BEGIN Data for analysis

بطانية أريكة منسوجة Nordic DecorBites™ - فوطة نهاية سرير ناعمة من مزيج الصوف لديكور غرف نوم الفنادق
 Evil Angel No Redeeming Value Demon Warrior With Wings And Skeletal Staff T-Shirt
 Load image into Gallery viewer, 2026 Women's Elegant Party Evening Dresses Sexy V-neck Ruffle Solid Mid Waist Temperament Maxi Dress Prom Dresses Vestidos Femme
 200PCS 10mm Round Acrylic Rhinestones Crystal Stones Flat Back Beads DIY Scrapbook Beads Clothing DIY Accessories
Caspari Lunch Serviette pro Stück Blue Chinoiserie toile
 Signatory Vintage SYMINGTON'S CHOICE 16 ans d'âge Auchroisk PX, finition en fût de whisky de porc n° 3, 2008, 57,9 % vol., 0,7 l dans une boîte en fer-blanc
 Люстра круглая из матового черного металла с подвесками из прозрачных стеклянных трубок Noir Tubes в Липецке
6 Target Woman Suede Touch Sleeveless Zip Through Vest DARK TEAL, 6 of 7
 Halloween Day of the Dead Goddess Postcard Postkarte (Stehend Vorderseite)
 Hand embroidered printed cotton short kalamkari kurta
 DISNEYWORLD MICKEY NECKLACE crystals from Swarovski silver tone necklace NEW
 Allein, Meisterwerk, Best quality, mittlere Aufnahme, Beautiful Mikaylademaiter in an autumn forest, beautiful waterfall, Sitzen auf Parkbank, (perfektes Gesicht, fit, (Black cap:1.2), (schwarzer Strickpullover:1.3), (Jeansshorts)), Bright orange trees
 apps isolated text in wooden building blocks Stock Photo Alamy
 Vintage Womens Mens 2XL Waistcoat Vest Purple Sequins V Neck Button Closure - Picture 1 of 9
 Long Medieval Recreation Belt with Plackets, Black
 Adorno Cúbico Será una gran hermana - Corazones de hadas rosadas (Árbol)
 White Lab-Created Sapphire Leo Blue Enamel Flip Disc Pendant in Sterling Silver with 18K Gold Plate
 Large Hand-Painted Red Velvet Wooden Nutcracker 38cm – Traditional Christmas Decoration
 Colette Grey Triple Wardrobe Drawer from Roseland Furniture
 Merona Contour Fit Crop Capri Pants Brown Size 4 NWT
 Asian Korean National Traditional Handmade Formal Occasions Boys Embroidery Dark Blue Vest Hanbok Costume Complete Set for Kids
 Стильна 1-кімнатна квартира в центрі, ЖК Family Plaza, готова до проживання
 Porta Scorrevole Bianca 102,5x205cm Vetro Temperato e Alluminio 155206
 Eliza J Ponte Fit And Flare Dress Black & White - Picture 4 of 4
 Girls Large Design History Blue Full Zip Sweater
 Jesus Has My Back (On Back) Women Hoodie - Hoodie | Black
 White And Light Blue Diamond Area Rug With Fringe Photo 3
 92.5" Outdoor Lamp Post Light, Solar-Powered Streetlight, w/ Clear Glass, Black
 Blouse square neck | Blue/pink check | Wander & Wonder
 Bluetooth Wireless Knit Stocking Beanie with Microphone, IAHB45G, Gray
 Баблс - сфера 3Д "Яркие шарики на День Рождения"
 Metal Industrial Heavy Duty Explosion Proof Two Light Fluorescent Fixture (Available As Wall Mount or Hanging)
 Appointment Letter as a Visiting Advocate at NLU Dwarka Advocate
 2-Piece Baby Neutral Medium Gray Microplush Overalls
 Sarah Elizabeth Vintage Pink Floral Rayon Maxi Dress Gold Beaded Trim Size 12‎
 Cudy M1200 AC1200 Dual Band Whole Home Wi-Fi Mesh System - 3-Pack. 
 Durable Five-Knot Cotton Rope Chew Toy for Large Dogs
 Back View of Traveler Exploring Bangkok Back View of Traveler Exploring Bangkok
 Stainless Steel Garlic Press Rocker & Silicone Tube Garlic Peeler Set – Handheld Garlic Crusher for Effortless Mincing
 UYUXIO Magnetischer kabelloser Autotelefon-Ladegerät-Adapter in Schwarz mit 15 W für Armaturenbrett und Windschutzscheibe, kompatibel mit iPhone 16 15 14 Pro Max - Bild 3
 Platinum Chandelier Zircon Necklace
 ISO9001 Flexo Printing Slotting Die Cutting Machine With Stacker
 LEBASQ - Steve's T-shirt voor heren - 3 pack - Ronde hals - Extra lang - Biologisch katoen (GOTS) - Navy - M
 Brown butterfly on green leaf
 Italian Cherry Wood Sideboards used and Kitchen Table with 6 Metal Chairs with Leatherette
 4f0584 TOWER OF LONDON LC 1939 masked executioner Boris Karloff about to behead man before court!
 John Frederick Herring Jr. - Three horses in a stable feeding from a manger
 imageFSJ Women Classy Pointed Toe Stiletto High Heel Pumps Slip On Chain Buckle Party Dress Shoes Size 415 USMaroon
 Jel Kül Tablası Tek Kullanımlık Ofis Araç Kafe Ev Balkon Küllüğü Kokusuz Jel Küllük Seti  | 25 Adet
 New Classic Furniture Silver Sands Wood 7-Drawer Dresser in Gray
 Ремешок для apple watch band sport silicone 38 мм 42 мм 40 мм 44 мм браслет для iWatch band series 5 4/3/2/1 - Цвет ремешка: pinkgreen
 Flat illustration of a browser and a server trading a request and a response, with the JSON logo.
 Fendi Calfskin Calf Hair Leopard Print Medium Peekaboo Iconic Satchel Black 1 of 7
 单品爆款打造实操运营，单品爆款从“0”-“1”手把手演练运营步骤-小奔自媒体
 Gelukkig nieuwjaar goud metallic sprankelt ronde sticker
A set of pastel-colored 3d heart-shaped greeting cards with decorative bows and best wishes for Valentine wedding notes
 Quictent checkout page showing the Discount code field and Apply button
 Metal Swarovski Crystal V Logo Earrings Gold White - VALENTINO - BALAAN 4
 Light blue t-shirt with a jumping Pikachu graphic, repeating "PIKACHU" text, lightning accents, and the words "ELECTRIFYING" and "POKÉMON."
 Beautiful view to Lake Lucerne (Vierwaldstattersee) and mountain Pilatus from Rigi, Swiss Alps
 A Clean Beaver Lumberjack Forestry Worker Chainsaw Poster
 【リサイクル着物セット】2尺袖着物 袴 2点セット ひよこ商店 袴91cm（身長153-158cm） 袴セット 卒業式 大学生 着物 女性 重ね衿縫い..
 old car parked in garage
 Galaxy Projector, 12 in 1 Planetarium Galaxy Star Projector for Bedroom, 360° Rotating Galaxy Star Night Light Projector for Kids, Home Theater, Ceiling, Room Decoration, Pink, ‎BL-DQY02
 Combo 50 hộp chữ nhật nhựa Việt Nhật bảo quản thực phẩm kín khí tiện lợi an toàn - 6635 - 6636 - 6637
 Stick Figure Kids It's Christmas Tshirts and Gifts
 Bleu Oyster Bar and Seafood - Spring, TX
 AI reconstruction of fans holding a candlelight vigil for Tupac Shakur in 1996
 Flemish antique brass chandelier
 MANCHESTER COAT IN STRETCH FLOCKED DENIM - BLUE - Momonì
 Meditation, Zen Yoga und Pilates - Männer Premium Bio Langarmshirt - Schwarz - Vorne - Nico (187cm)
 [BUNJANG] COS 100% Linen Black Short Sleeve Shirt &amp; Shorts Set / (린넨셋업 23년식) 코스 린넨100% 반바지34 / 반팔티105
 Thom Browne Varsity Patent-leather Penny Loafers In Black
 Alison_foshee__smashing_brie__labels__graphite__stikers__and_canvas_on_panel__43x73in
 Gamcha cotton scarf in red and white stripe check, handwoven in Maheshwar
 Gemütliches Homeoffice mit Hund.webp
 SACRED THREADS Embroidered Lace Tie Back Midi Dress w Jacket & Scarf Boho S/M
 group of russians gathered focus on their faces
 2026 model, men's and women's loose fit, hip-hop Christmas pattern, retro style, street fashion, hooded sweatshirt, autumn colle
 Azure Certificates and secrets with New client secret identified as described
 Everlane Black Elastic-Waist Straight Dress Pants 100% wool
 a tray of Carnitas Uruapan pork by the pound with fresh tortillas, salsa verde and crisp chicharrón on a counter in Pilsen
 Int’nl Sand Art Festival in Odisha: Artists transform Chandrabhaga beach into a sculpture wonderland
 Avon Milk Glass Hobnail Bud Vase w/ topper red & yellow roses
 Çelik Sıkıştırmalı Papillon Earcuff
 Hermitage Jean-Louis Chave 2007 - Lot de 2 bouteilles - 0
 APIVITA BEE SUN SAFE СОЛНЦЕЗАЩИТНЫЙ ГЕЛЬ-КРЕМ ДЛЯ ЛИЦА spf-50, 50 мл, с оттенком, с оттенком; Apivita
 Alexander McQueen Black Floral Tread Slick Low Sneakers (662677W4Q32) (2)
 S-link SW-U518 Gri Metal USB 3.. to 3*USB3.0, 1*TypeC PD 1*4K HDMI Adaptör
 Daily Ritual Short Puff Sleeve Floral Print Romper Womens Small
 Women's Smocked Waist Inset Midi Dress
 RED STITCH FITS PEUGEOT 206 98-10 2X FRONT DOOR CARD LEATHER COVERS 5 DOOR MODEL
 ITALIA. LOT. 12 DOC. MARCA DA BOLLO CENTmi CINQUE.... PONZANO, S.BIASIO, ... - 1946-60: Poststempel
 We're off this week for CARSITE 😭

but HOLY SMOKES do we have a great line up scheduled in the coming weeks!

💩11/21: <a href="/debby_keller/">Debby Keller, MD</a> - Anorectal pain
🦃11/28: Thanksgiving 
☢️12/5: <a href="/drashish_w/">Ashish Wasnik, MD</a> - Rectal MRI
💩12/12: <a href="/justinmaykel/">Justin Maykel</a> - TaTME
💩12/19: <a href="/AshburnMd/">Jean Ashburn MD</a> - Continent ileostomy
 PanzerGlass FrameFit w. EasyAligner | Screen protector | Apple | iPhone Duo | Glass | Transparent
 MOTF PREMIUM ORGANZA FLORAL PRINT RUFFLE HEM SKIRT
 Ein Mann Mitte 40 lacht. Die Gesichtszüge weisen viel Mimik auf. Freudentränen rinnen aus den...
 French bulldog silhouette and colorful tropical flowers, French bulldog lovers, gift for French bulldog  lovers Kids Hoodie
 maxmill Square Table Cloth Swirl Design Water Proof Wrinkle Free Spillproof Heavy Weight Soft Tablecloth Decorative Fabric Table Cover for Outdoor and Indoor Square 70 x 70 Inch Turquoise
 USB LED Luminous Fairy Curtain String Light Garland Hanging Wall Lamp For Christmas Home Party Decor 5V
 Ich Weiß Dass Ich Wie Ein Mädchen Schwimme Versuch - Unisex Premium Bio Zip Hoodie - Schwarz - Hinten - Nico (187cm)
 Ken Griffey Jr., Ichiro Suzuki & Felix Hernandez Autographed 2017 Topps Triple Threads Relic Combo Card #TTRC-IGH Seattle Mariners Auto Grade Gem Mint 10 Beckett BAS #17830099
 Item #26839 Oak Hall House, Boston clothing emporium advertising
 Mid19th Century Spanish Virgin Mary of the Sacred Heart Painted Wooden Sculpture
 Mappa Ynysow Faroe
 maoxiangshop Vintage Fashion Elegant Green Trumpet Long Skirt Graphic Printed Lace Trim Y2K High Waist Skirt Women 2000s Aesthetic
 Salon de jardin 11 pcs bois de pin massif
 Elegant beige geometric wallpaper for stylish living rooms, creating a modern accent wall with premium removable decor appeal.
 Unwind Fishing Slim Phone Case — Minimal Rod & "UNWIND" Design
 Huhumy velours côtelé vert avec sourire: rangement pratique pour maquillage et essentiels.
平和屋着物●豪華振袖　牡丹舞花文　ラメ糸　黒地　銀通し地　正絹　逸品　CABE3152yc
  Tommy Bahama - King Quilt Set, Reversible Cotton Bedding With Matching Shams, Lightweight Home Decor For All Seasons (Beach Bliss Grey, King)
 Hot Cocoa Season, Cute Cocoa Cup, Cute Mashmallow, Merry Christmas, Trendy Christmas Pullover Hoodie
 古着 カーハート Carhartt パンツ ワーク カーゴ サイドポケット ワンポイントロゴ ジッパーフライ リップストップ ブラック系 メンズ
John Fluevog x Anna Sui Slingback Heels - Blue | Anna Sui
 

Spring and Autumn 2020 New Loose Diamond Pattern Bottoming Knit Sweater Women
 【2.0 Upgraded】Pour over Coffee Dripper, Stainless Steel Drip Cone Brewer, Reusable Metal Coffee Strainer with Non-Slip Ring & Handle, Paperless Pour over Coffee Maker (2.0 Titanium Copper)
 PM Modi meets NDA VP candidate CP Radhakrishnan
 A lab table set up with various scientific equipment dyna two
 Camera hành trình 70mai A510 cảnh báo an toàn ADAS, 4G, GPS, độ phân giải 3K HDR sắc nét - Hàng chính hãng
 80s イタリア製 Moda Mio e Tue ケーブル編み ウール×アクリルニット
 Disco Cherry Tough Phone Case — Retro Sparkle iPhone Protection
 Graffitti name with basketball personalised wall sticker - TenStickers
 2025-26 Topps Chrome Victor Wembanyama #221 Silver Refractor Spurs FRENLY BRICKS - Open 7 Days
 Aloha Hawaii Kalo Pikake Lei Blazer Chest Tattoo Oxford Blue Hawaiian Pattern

END Data for analysis

**Exercise goal**
Start at the first line of the entries and stop at the line with "Evil Angel No". Retype each of those lines exactly, both ends included.

**Solution to the problem**
بطانية أريكة منسوجة Nordic DecorBites™ - فوطة نهاية سرير ناعمة من مزيج الصوف لديكور غرف نوم الفنادق
 Evil Angel No Redeeming Value Demon Warrior With Wings And Skeletal Staff T-Shirt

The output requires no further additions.